MATERIAL SHOWN:
..............................

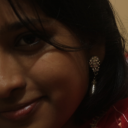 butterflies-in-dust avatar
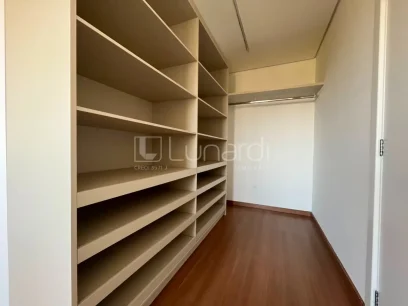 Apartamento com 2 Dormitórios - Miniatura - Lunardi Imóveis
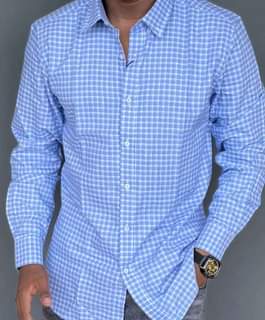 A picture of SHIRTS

..............................

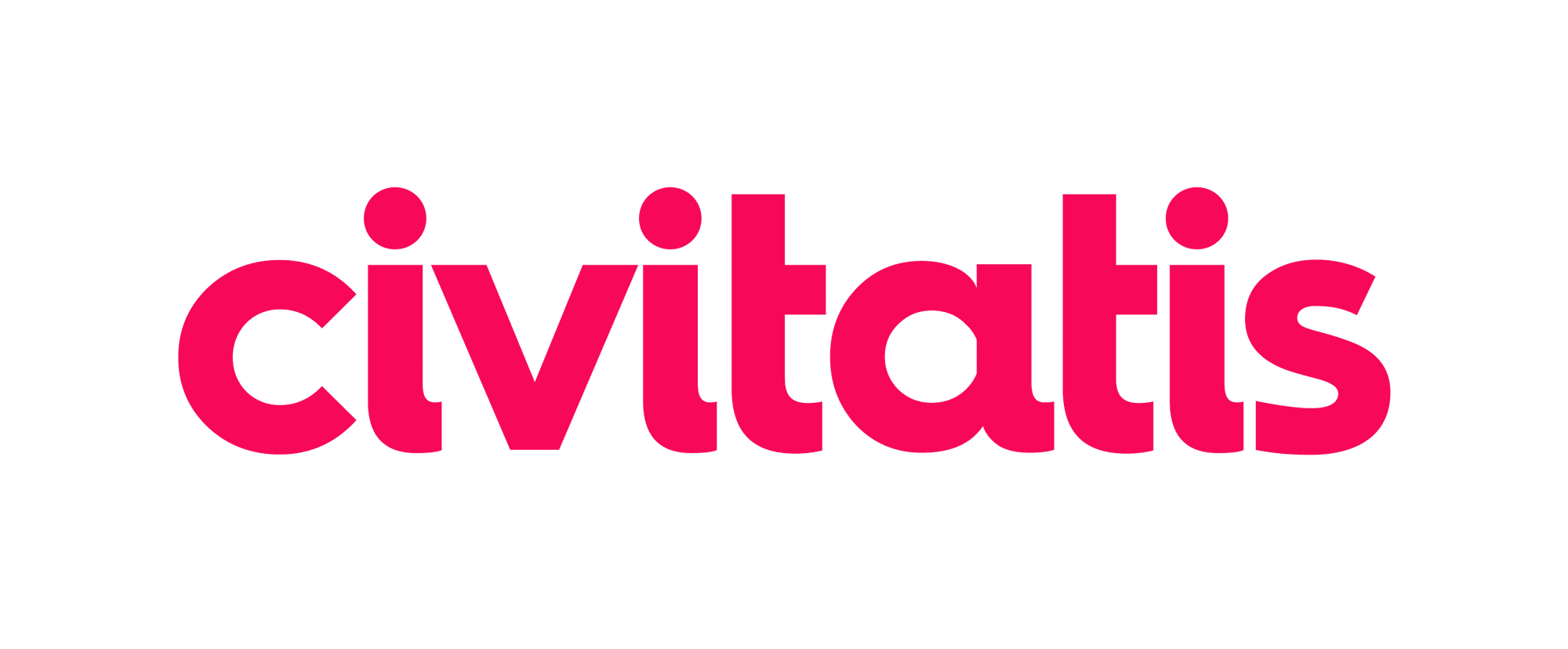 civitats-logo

..............................

TRY IT:
Between and including the line with "butterflies-in-dust avatar" and the line with "A picture of SHIRTS", repeat every line exactly as it appears above, with pictures left out.

WRITTEN SOLUTION:
 butterflies-in-dust avatar
 Apartamento com 2 Dormitórios - Miniatura - Lunardi Imóveis
 A picture of SHIRTS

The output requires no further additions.